2.8.1 The theory of human motivation.

Abraham Maslow presented this theory in 1943 in his paper inform of a pyramid with the more basic needs like food, sleep and breathing at the bottom. These are the physiological need which are the physical requirements for human survival and are thought to be the most important and should be met first. SACCOs were first formed because of the rising shortage of basic human needs for the poor. There was need to empower the people to be able to meet their basic desires through small and medium enterprise. Empowerment is a transformative process within human existence from the state of powerlessness to the state of relative control over ones overall existence by taking control over his destiny and making use of his immediate environment for sustainable improvement in their livelihood and better standards of living. SACCO emerging as a tool of community empowerment and poverty alleviation surrounds the discussion of empowerment theory.

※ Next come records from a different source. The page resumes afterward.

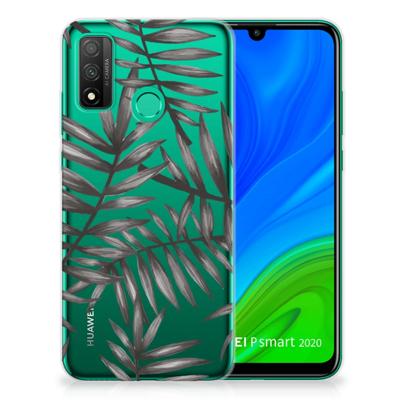 Huawei P Smart 2020 | TPU Case | Leaves Grey Huawei P Smart 2020 | TPU Case | Leaves Grey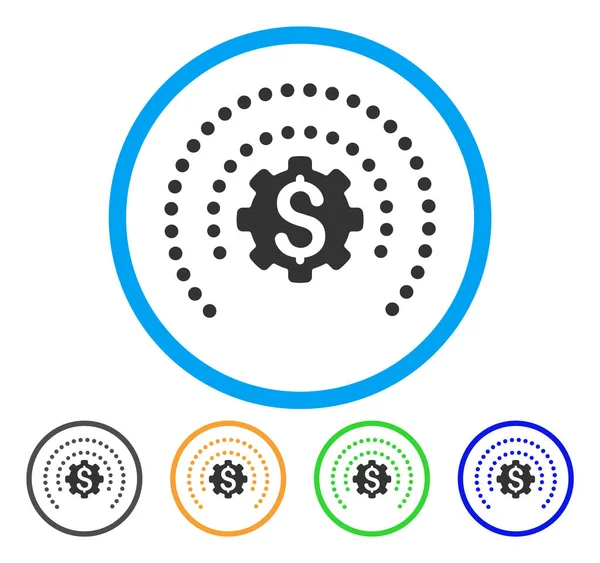 Finans sektöründe koruma küre yuvarlak simge noktalı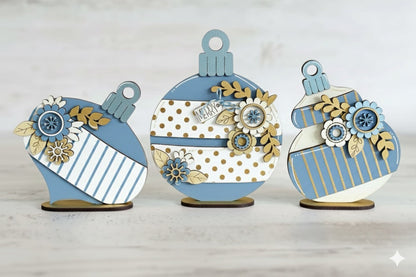 (Copia) Kit Christmas ball flower ornament Out of the Wood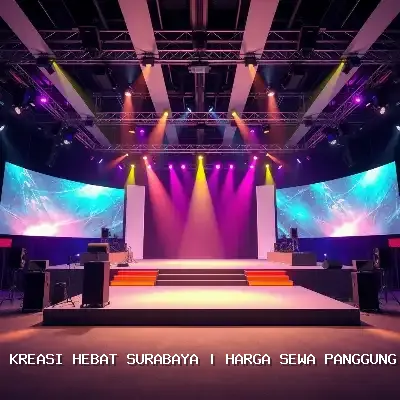 harga sewa panggung rigging 8x10 Surabaya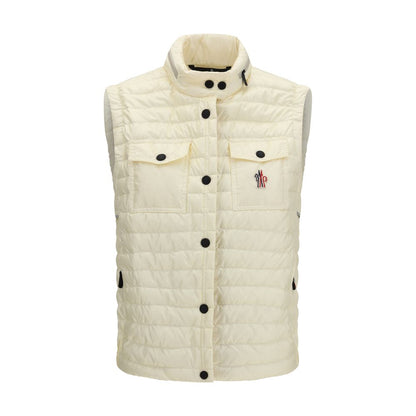 Moncler Grenoble Beige Polyamide Sleeveless Jacket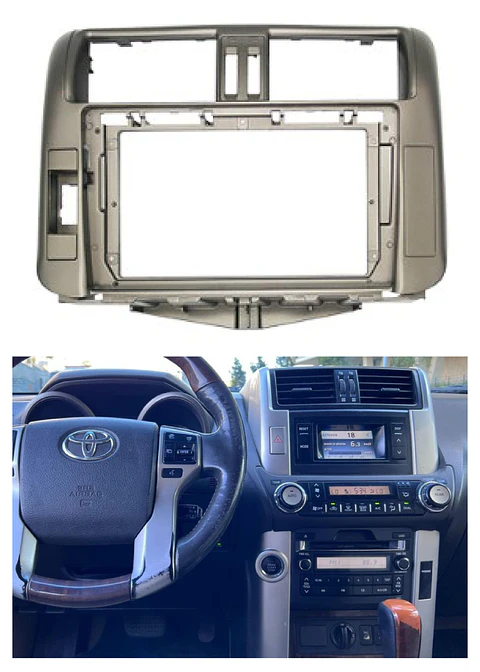 Bisel Adaptador Radio 9 Pulgadas Toyota Land Cruiser Prado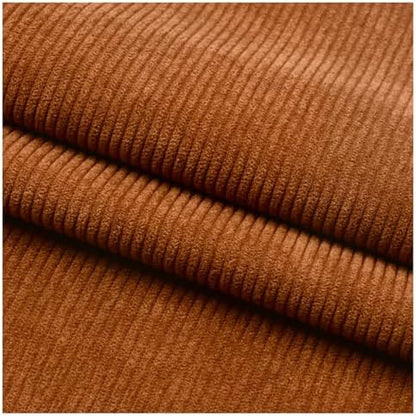 Stretch Corduroy Fabric, 50x155cm Solid Wale Cloth for Apparel & Bags - Caramel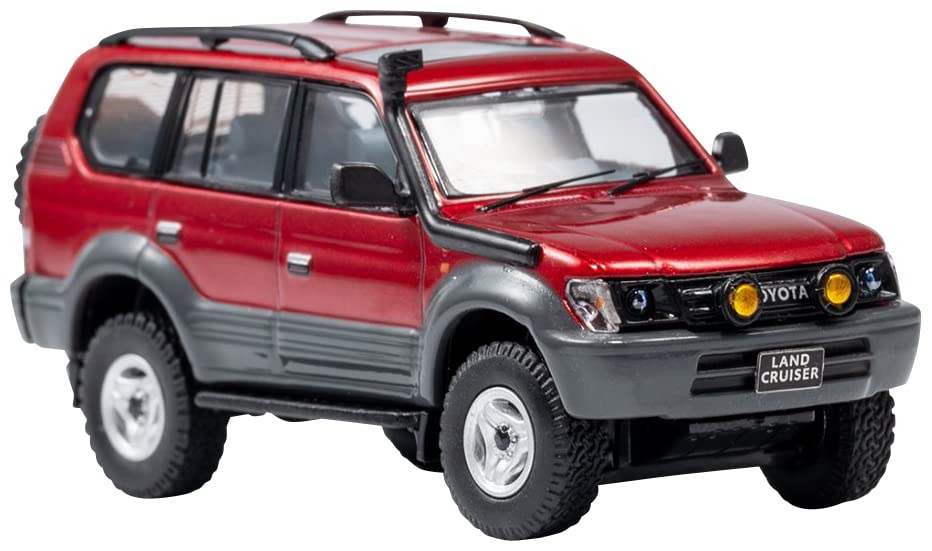 Gaincorp Products 1/64 Toyota Land Cruiser Prado 90 Rhd Red Model Car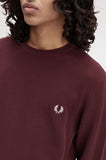 Fred perry PIQUE STITCH JUMPER K1309 597 Oxblood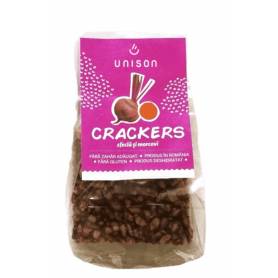 Crackers vegani de sfecla rosie si morcovi, 70g - Unison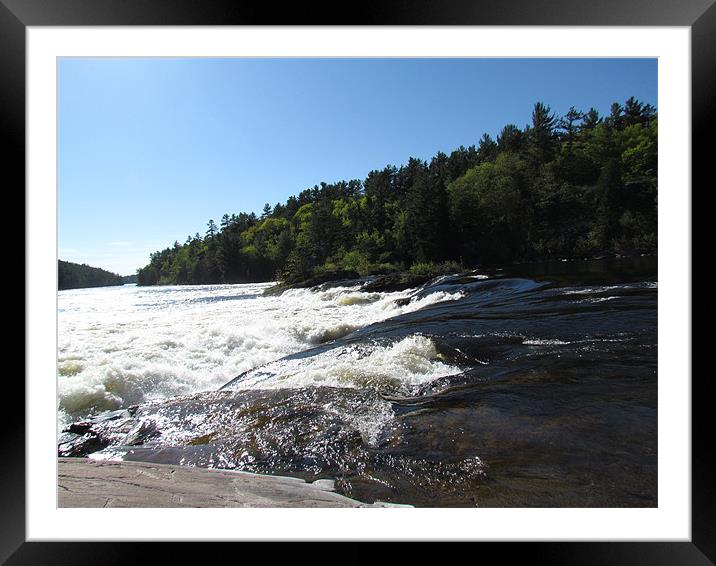 Recollet Falls, French River, Ontario Framed Mounted Print by Lisa LeDuc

Empowerment theory is an alternative development approach as a result of the failures of mainstream development theories in addressing the poverty situation in third world countries due to their emphasis on growth, pursuit of industrialization and urban bias on holding unfulfilled small promises of better life for the excluded and downtrodden majority. This situation pushed the poor people in downward spiral of resources deficit trapped in a vicious life cycle of poverty. Empowerment has become a buzzword in most development and international agencies with most of its discussion centering on power relations, awareness, control, poverty alleviation, development and empowerment (Fagha, 2010).

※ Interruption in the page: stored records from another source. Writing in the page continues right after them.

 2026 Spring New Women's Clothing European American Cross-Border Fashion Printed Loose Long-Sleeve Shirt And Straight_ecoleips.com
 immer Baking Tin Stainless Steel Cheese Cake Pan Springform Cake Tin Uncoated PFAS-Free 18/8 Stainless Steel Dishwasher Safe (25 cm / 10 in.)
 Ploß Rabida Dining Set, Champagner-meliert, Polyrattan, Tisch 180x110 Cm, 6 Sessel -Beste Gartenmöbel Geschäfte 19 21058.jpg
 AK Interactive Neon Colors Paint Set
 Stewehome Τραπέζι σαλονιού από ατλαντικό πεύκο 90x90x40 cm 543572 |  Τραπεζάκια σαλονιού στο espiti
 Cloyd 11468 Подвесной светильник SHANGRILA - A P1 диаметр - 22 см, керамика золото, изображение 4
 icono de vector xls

The contribution of motivation theory on development cannot be over emphasized taking into consideration the numerous emergences of microfinance and microcredit initiatives all around the world and their impact on the local community at large. A good example of success of this theory is from the Grameen Bank in Bangladesh and how its message has been transformed throughout the developing world leading to the emergence of self help groups as is the case in the India, the Susu's of Ghana, the SACCOs of Tanzania and all aimed at providing microcredit initiatives to the rural poor. Hence microfinance has emerged as a paradigm changed in alternative development despites its challenges. This makes motivation  theory a perfect bottom-up approach on development in its manifestation on the convergence of power relation from top-bottom to bottom-up autonomy there by giving power and wider opportunities to the powerless so that they could use their initiatives, rights and capabilities for the common good of their social settings not only to better their lifestyles and improve their standards of living but gradually moving themselves out the deprivations of poverty in a sustainable manner (Perkins et al,1995).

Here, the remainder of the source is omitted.